§ YOUR OBJECTIVE
Copy the records below line by line and word for word, from the very first line through the line with "Loop relations B C", omitting each picture.

RECORDS PROVIDED Block Start

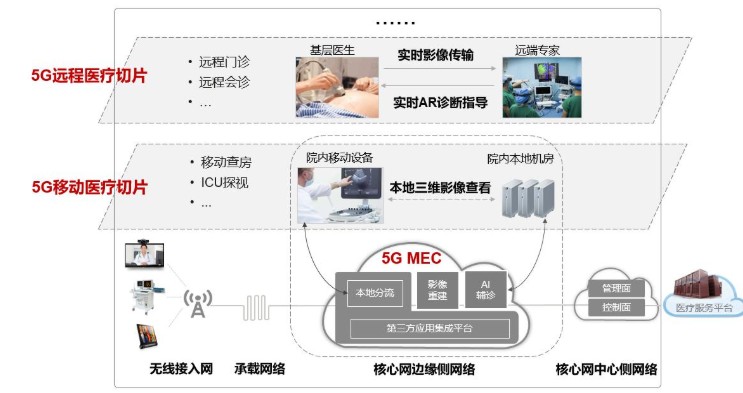 浙江联通联合华为基于5G端到端切片+MEC技术部...
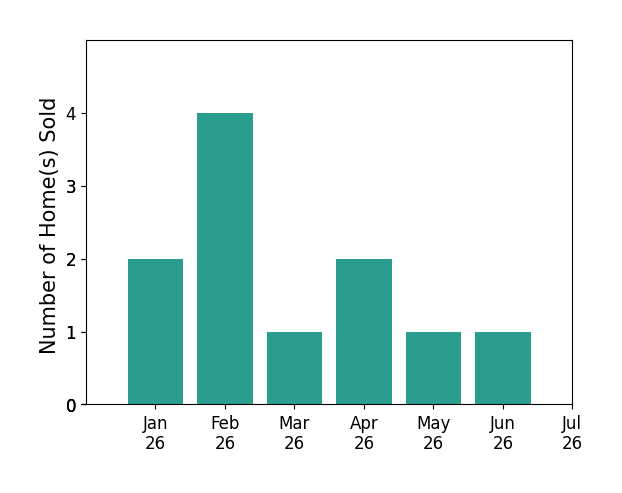 Bar chart of total home sales by RACHAEL SMITH over the past 12 months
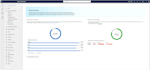 harden and secure your microsoft 365 environment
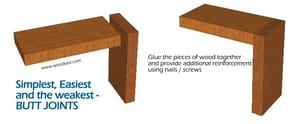 How To Join Two Pieces Of Wood At Right Angles Cut The Wood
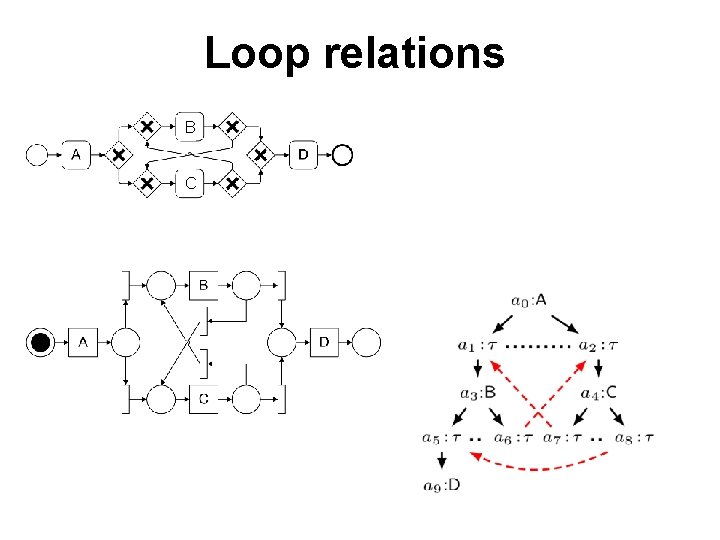 Loop relations B C 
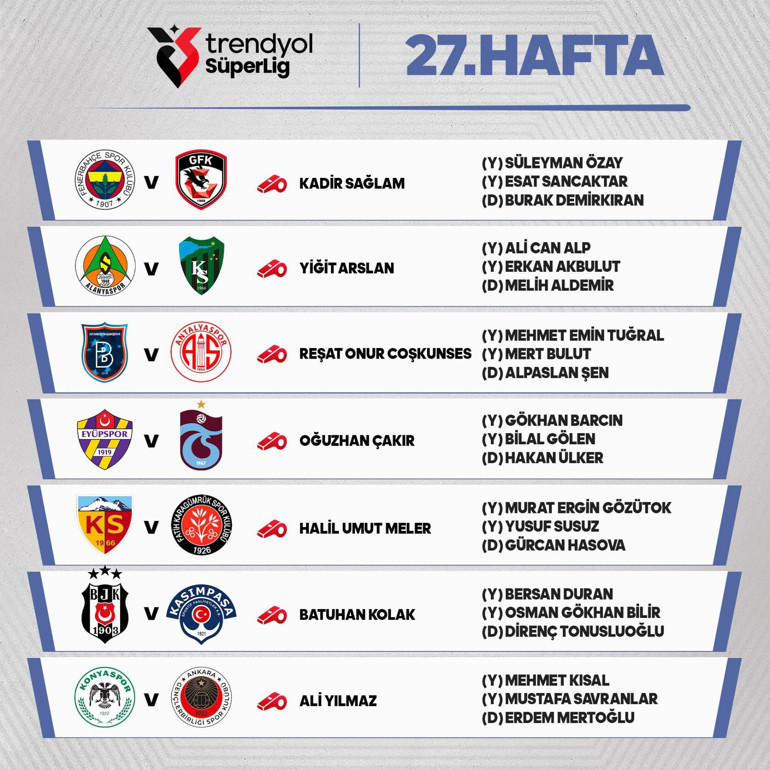 Süper Ligde haftanın hakemleri açıklandı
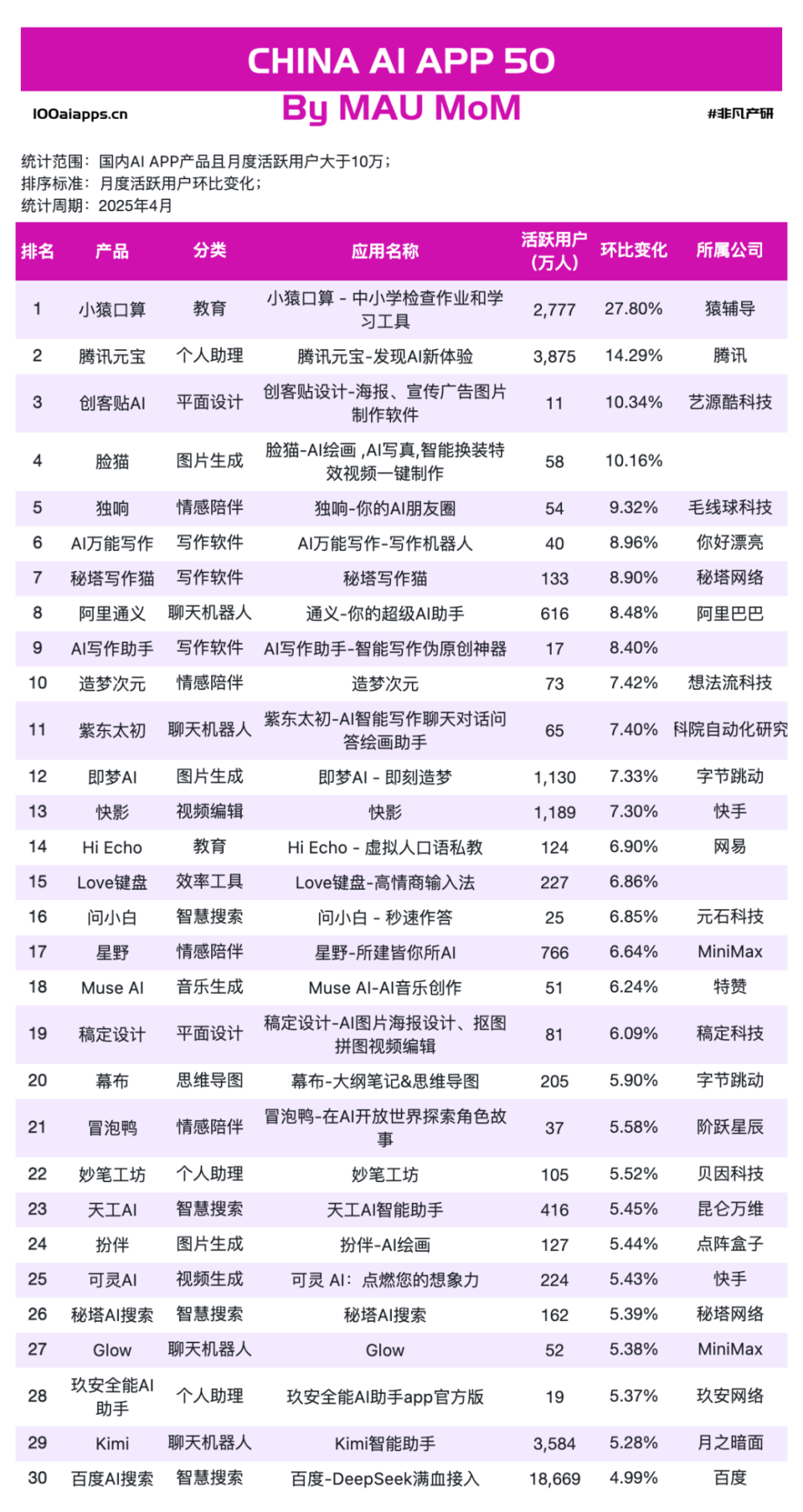 红杉预言“AI卖收益”，海外最赚钱的中国 App 花落杭州？ · 原文图片 11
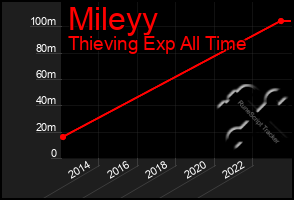 Total Graph of Mileyy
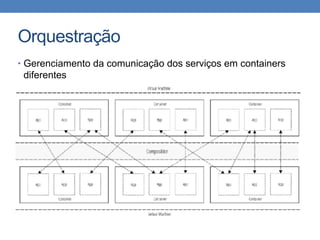 Orquestração
• Gerenciamento da comunicação dos serviços em containers
diferentes
 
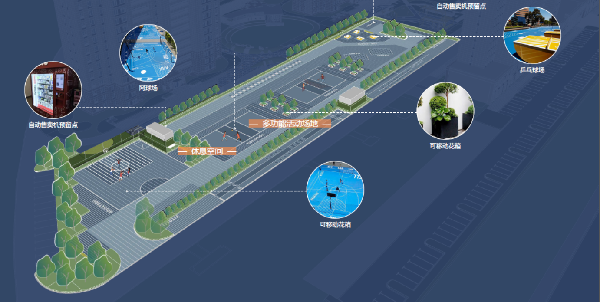 融創(chuàng)北京集團：景觀產品價值主張——運動篇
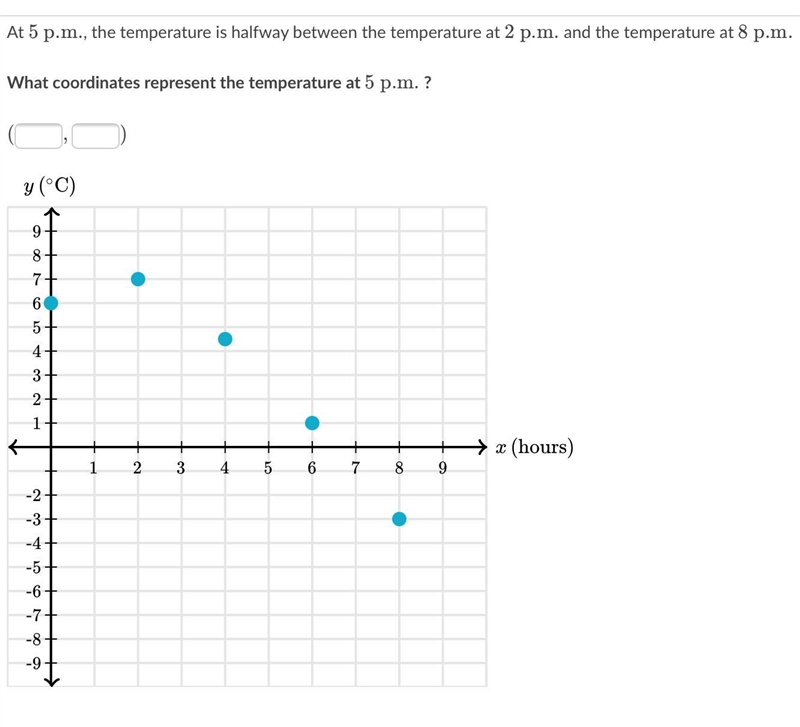 Anyone know- I need help.-example-1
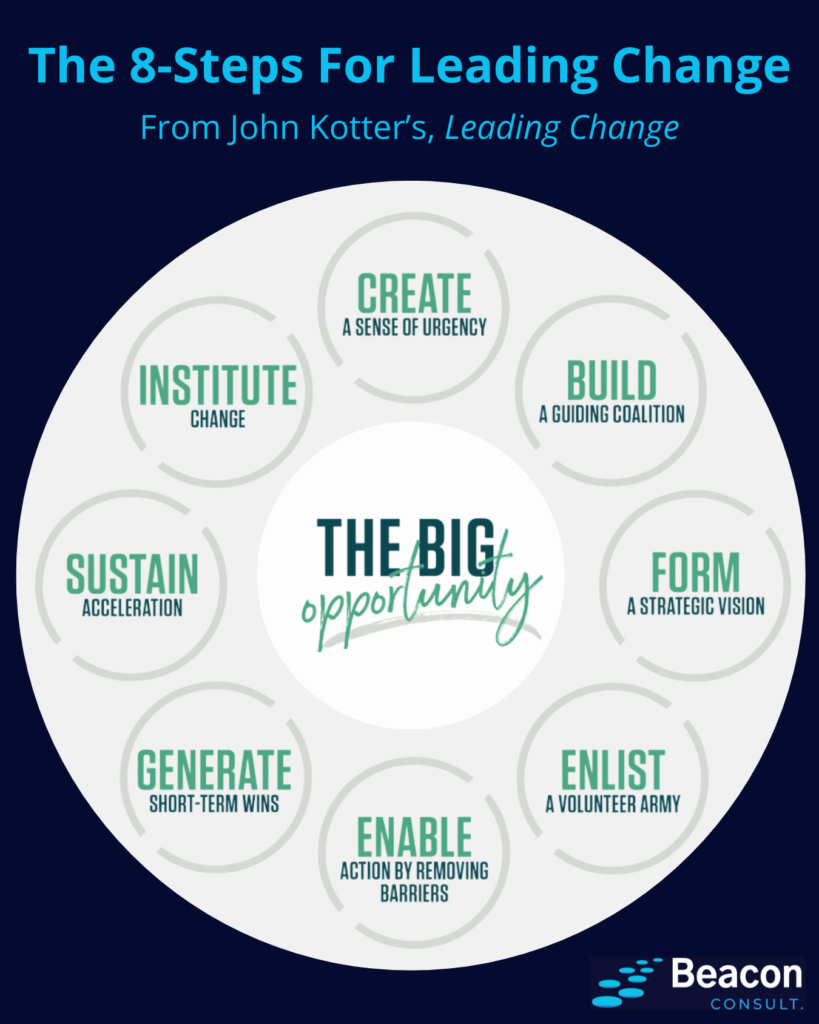 John Kotter's 8 Steps for Leading Change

RECORDS PROVIDED Block End

§ RESPONSE
 浙江联通联合华为基于5G端到端切片+MEC技术部...
 Bar chart of total home sales by RACHAEL SMITH over the past 12 months
 harden and secure your microsoft 365 environment
 How To Join Two Pieces Of Wood At Right Angles Cut The Wood
 Loop relations B C 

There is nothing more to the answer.